### PROBLEM:
When a record holds a picture, leave the picture out and copy everything else exactly.
┌────────
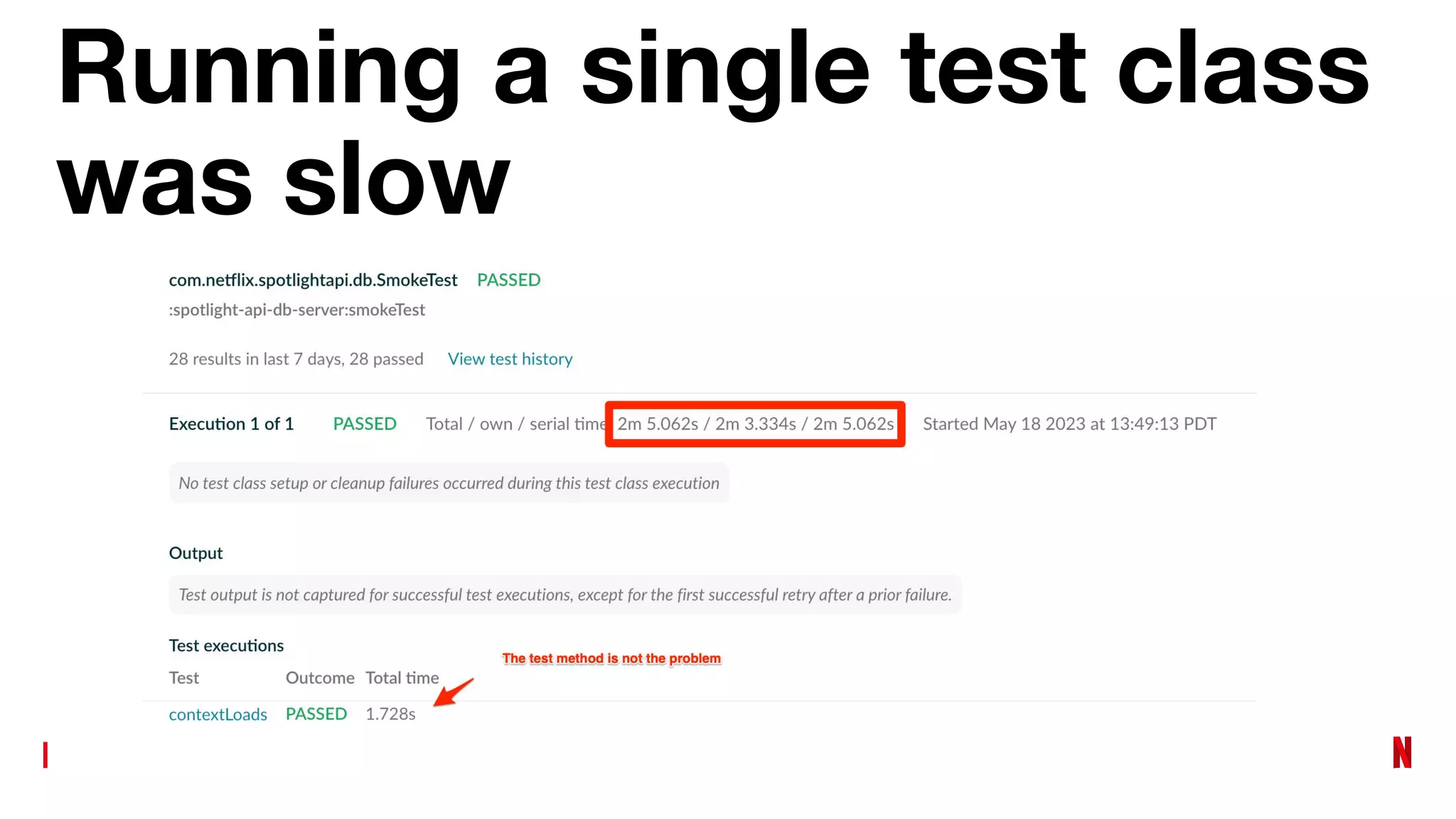 Running a single test class
was slow
 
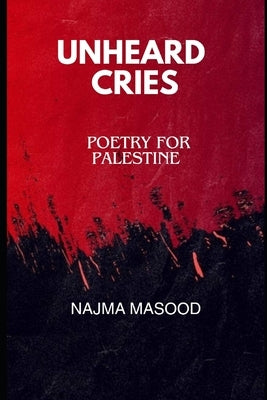 Unheard Cries: Poetry for Palestine by Masood, Najma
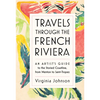 Travels Through the French Riviera: An Artist's Guide to the Storied Coastline, from Menton to Saint-Tropez - Hardcover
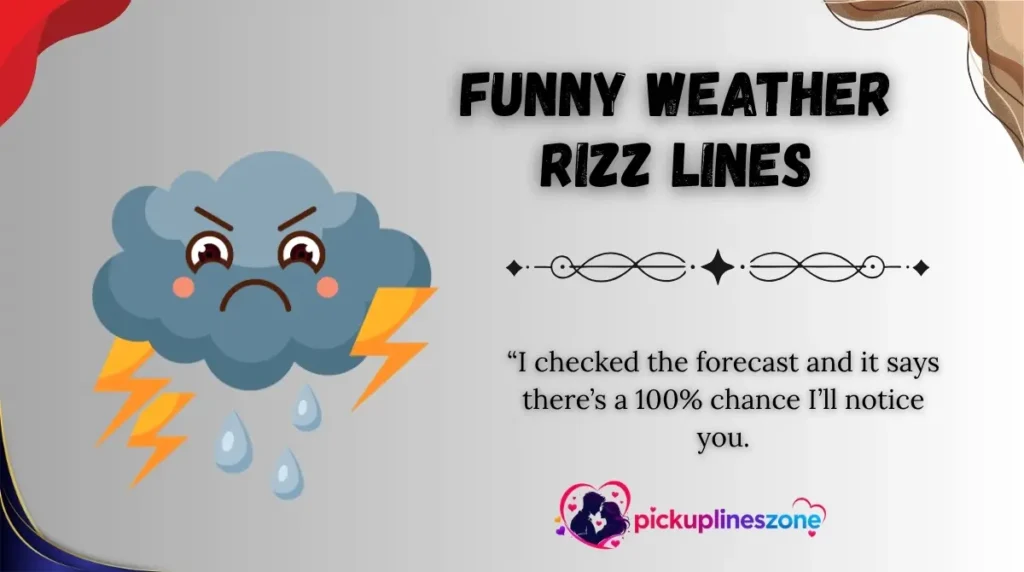 Funny Weather Rizz Lines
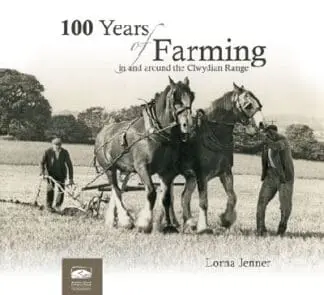 100 Years of Farming in and Around the Clwydian Range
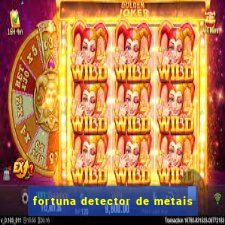 fortuna detector de metais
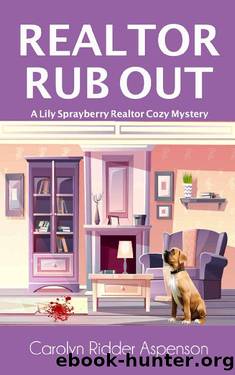 Carolyn Ridder Aspenson - 06 Realtor Rub Out by Carolyn Ridder Aspenson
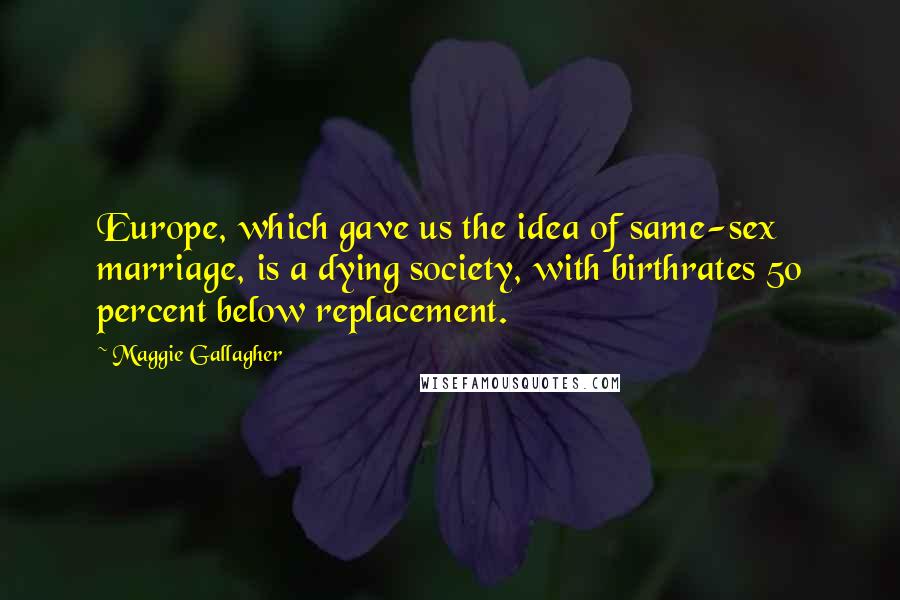 Maggie Gallagher Quotes: Europe, which gave us the idea of same-sex marriage, is a dying society, with birthrates 50 percent below replacement.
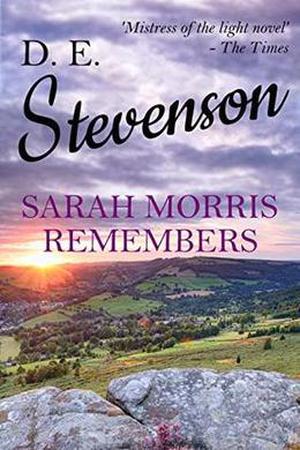 Sarah Morris Remembers (Sarah) by D.E. Stevenson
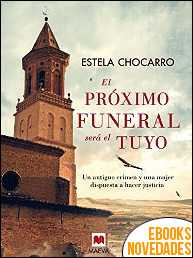 El próximo funeral será el tuyo de Estela Chocarro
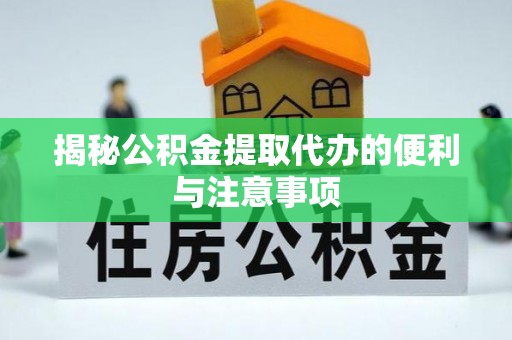 北竿揭秘公积金提取代办的便利与注意事项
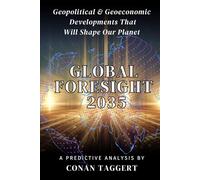 GLOBAL FORESIGHT 2035: Geopolitical And Geoeconomic Developments That Will Shape Our Planet (Strategic Analyses of our Planet's Current State and Near Future)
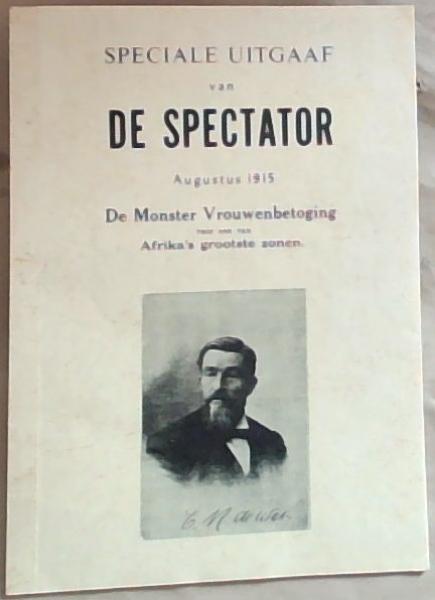 speciale uitgaaf van de spectator augustus 1915 :De Monster vrouwenbetoging voor een van Afrika's grootste zonen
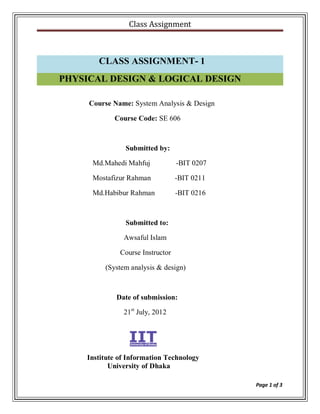 Class Assignment



       CLASS ASSIGNMENT- 1
PHYSICAL DESIGN & LOGICAL DESIGN

     Course Name: System Analysis & Design

            Course Code: SE 606



                Submitted by:

      Md.Mahedi Mahfuj            -BIT 0207

      Mostafizur Rahman           -BIT 0211

      Md.Habibur Rahman           -BIT 0216



                Submitted to:

               Awsaful Islam

              Course Instructor

         (System analysis & design)



             Date of submission:

               21st July, 2012




    Institute of Information Technology
           University of Dhaka

                                              Page 1 of 3
 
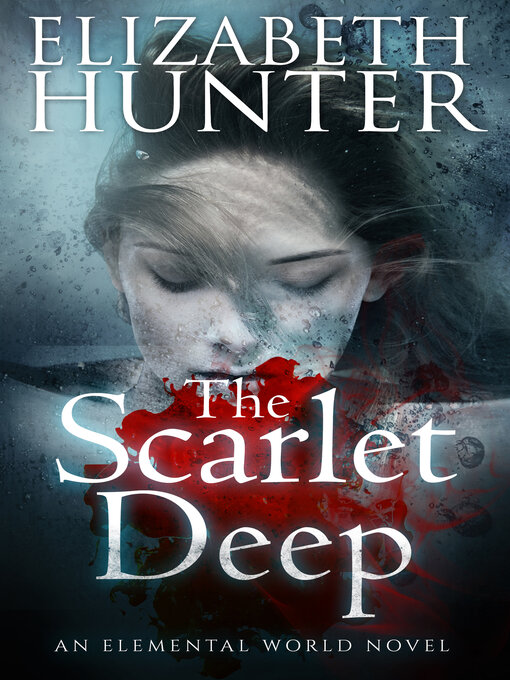 Title details for The Scarlet Deep by Elizabeth Hunter - Available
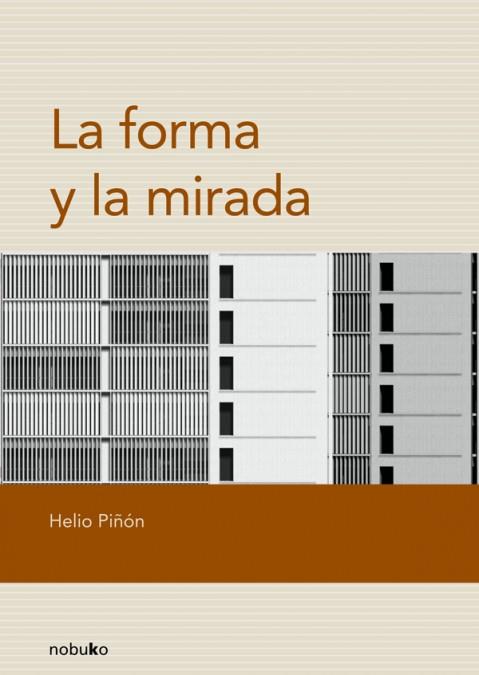 FORMA Y LA MIRADA, LA | 9789875840287 | PIÑON, HELIO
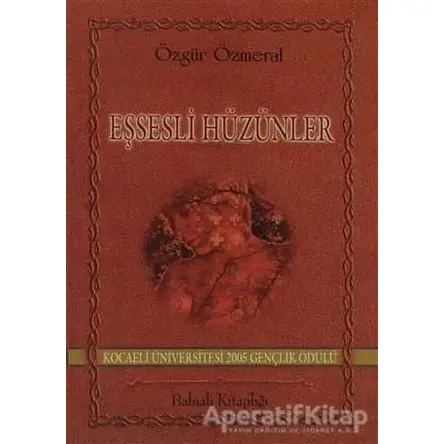 Eşsesli Hüzünler - Özgür Özmeral - Babıali Kitaplığı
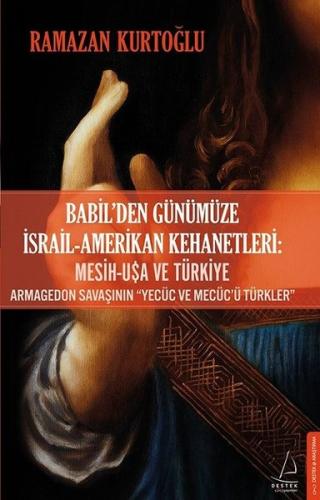 Babilden Günümüze İsrail-Amerikan Kehanetleri | Kitap Ambarı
└────────
### FINISHED TASK:
 Running a single test class
was slow
 
 Unheard Cries: Poetry for Palestine by Masood, Najma
 Travels Through the French Riviera: An Artist's Guide to the Storied Coastline, from Menton to Saint-Tropez - Hardcover
 Funny Weather Rizz Lines
 100 Years of Farming in and Around the Clwydian Range
 fortuna detector de metais
 Carolyn Ridder Aspenson - 06 Realtor Rub Out by Carolyn Ridder Aspenson
 Maggie Gallagher Quotes: Europe, which gave us the idea of same-sex marriage, is a dying society, with birthrates 50 percent below replacement.
 Sarah Morris Remembers (Sarah) by D.E. Stevenson
 El próximo funeral será el tuyo de Estela Chocarro
 北竿揭秘公积金提取代办的便利与注意事项
 GLOBAL FORESIGHT 2035: Geopolitical And Geoeconomic Developments That Will Shape Our Planet (Strategic Analyses of our Planet's Current State and Near Future)
 speciale uitgaaf van de spectator augustus 1915 :De Monster vrouwenbetoging voor een van Afrika's grootste zonen
 Class Assignment



       CLASS ASSIGNMENT- 1
PHYSICAL DESIGN & LOGICAL DESIGN

     Course Name: System Analysis & Design

            Course Code: SE 606



                Submitted by:

      Md.Mahedi Mahfuj            -BIT 0207

      Mostafizur Rahman           -BIT 0211

      Md.Habibur Rahman           -BIT 0216



                Submitted to:

               Awsaful Islam

              Course Instructor

         (System analysis & design)



             Date of submission:

               21st July, 2012




    Institute of Information Technology
           University of Dhaka

                                              Page 1 of 3
 
 Title details for The Scarlet Deep by Elizabeth Hunter - Available
 FORMA Y LA MIRADA, LA | 9789875840287 | PIÑON, HELIO
 Eşsesli Hüzünler - Özgür Özmeral - Babıali Kitaplığı
 Babilden Günümüze İsrail-Amerikan Kehanetleri | Kitap Ambarı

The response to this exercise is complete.